Size: 5.75 inches (13cm)

Habitat: Oceania; endemic to Kaua’i. Found only in wet montane forests in central Kauai where it now occupies less than 10% of its former range.

Status: Critically Endangered. Global Population: 780 - 1,840 mature individuals. The population has declined dramatically since the 1960s and this trend appears to be continuing owing to a number of threatening processes. Consequently, the population is estimated to be declining very rapidly.

Lowland forests have been cleared for timber and agriculture, with feral livestock causing further degradation and destruction. Feral pigs continue to be particularly detrimental, additionally dispersing alien plants and facilitating the spread of introduced mosquitoes which transmit avian malaria and avian pox. Domestic and introduced birds provide reservoirs for these diseases, to which there is little resistance in Hawaiian honeycreeper populations. Predation by introduced animals and competition for arthropod resources by introduced taxa (especially Japanese White-eye Zosterops japonicus, wasps and ants) are additional threats. Introduced plants such as Kahili ginger (Hedychium gardnerianum), blackberry (Rubus argutus), strawberry guava (Psidium cattleianum), Australian tree fern (Cyathea cooperi) and firetree (Myrica faya) have degraded much native forest in Koke'e, and threaten the remaining habitat. Hurricanes have had major impacts on population size in the past; in 1992 Hurricane Iniki devastated forests throughout Kaua`i, and all bird populations on the island appeared to have been drastically reduced, although some have since recovered. Hurricanes are now thought to displace birds from the small area of suitable habitat at altitude and push them into the lowlands where avian malaria is prevalent. A growing concern is that rising temperatures could allow mosquitoes to survive at higher altitudes and further transmit avian malaria and avian pox, and having a montane distribution that is close to the maximum altitude within its range, this species is potentially susceptible to climate change.

Diet: Insects, larvae, and spiders. Forages among the twigs and branches of ohi'a (Metrosideros polymorpha) and koa (Acacia koa) trees. Possesses a tongue that is specially designed for extracting insects from crevices in bark, unlike the tubular nectar-drinking tongue of other members of the Hawaiian honeycreeper family.

Breeding: Akikiki juveniles have “spectacles” and will retain the dull pink bill into maturity.
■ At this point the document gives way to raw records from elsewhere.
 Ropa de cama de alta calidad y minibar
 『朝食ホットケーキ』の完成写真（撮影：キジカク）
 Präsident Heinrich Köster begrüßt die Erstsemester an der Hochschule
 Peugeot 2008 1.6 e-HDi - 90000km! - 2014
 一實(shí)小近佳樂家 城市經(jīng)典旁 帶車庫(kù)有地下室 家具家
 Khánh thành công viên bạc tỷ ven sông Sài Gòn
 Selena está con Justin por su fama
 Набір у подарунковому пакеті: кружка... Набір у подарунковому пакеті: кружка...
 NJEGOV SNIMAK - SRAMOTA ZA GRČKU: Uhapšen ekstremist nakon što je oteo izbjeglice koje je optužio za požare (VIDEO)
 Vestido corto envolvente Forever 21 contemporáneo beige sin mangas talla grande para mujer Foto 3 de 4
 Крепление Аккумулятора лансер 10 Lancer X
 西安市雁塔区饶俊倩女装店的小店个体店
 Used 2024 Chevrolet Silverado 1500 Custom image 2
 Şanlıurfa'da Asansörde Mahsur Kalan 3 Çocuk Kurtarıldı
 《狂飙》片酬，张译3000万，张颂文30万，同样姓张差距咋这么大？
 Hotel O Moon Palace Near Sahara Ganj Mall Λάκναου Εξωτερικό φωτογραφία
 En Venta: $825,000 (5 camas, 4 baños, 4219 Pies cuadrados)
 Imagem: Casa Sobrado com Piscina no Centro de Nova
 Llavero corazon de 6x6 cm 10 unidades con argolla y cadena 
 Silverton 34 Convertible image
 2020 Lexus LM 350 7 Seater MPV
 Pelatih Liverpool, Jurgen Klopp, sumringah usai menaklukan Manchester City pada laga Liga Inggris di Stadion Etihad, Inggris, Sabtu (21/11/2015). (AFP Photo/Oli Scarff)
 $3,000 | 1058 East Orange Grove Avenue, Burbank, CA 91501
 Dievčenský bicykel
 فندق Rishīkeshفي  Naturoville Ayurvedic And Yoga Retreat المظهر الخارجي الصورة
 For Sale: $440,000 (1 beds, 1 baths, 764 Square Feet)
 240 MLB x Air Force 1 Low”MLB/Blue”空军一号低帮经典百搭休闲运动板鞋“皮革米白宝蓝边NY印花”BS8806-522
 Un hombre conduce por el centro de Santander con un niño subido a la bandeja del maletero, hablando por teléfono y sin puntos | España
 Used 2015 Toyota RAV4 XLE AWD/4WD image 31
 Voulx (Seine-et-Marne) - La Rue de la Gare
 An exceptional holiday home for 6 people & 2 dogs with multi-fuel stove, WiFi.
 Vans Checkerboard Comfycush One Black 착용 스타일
The Akikiki builds a simple open-cup nest between March and May, perhaps only in ohi'a trees. Both parents have been observed bringing food to the nest, with the male providing some food for the female, though the female also forages independently. A nesting pair in 2007 had a juvenile from a previous nest, indicating the species will attempt to raise two broods.

Cool Facts: While this species' core population resides in the protected Alaka'i Swamp region, it has been suggested that this site may not be ideal habitat but is utilized because optimum lowland habitat has been either lost or altered. To this end one of the key conservation strategies may be reestablishment of low elevation native forests. Meanwhile, the most important effort would be to fence portions of the Alaka'i Swamp and begin removal of feral ungulates and other introduced mammals. Lack of information on this species' life history and population dynamics is a serious impediment to recovery efforts, and studies are greatly needed. Like many other Hawaiian bird species that are in need of critical conservation, funds are lacking as is the will on behalf of the US Congress to carry out the recommended actions that may save the species from extinction.

The Zoological Society of San Diego is developing techniques for rearing Oreomystis creepers from eggs and breeding them in captivity, using the related Hawai`i Creeper, at the Keauhou Bird Conservation Center. The Hawai`i Creeper has been successfully propagated in captivity, and release of the captive population is planned. Captive breeding of ‘akikiki was due to begin in 2008.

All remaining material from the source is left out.